Précisions sur l’indemnisation de la rupture discriminatoire de période d’essai

Le salarié dont la rupture de la période d’essai est nulle pour motif discriminatoire ne peut prétendre à l’indemnité prévue en cas de licenciement nul mais à la réparation du préjudice résultant de la nullité de cette rupture.

L’employeur ou le salarié peut rompre la période d’essai à tout moment, en respectant un délai de prévenance (C. trav., art. L. 1221-25 et L. 1221-26), sans être tenu de préciser le motif (C. trav., art. L. 1231-1 ; Soc. 20 oct. 2010, n° 08-40.822 B, Dalloz actualité, 22 nov. 2010, obs. B. Inès ; Vataire c/ Casino de Plombières-les-Bains (Sté), D. 2010. 2652 ; ibid. 2011. 1246, obs. G. Borenfreund, E. Dockès, O. Leclerc, E. Peskine, J. Porta, L. Camaji, T. Pasquier, I. Odoul-Asorey et M. Sweeney ; RJS 1/2011, n° 1). L’interdiction des discriminations prévue à l’article L. 1132-1 du code du travail est toutefois de longue date reconnue comme applicable pendant la période d’essai, de sorte que si un employeur rompt la période d’essai d’un salarié en raison de ses problèmes de santé, la rupture est nulle (Soc. 16 févr. 2005, n° 02-43.402 P, CS Systèmes d’information (Sté) c/ Raspaud, D. 2005. 668 ; RJS 5/2005, n° 469 ; SSL 2005, n° 1205, p. 10). Cette nullité n’ouvre toutefois pas droit aux conséquences indemnitaires d’un licenciement nul mais seulement à une indemnisation du préjudice subi, sans indemnité de préavis (Soc. 12 sept. 2018, n° 16-26.333 P, Dalloz actualité, 8 oct. 2018, obs. Q. Mlapa ; D. 2018. 1812 ; ibid. 2019. 963, obs. P. Lokiec et J. Porta ; Dr. soc. 2018. 1066, obs. J. Mouly ; RJS 11/2018, n° 655). C’est ce que vient nous rappeler un arrêt de la chambre sociale de la Cour de cassation du 25 juin 2025.

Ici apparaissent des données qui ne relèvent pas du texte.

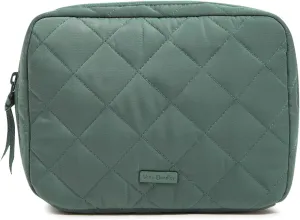 Vera Bradley Women's Performance Twill Cord Organizer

En l’espèce, une gestionnaire sinistre engagée le 16 décembre 2013 a été placée en arrêt de travail pour maladie de janvier à août 2014.

Le 22 juillet 2014, l’employeur lui a notifié la fin de sa période d’essai à effet au 18 août 2014. La salariée a saisi la juridiction prud’homale de demandes au titre de la nullité de la rupture de son contrat de travail et de ses droits à la prévoyance.

Les juges du fond considérèrent la rupture comme abusive sans pour autant appliquer les conséquences indemnitaires équivalentes à un licenciement nul, de sorte que l’intéressée forma un pourvoi en cassation. Était également contesté le montant d’indemnisation octroyé en raison du préjudice né de ce que l’employeur n’avait pas déclaré sa maladie auprès de l’organisme de prévoyance de sorte qu’elle n’avait pu percevoir de complément de rémunération pendant la période d’incapacité temporaire, que la cour d’appel avait chiffré sous l’angle d’une perte de chance.

La Cour de cassation, saisie du pourvoi, va valider le raisonnement des juges du fond quant l’indemnisation de la rupture abusive de période d’essai mais censurer celui tenu à propos de l’indemnisation du préjudice né du défaut de déclaration à l’organisme de prévoyance.

L’indemnisation de la rupture discriminatoire de période d’essai

L’éminente juridiction va rappeler que toute rupture du contrat de travail prononcée à l’égard d’un salarié en raison de son état de santé est nulle (C. trav., art. L. 1132-1 et L. 1132-4), sans que pour autant les dispositions du titre III du livre II du code du travail relatif à la rupture du contrat de travail à durée indéterminée ne soient applicables pendant la période d’essai (C. trav., art. L. 1231-1).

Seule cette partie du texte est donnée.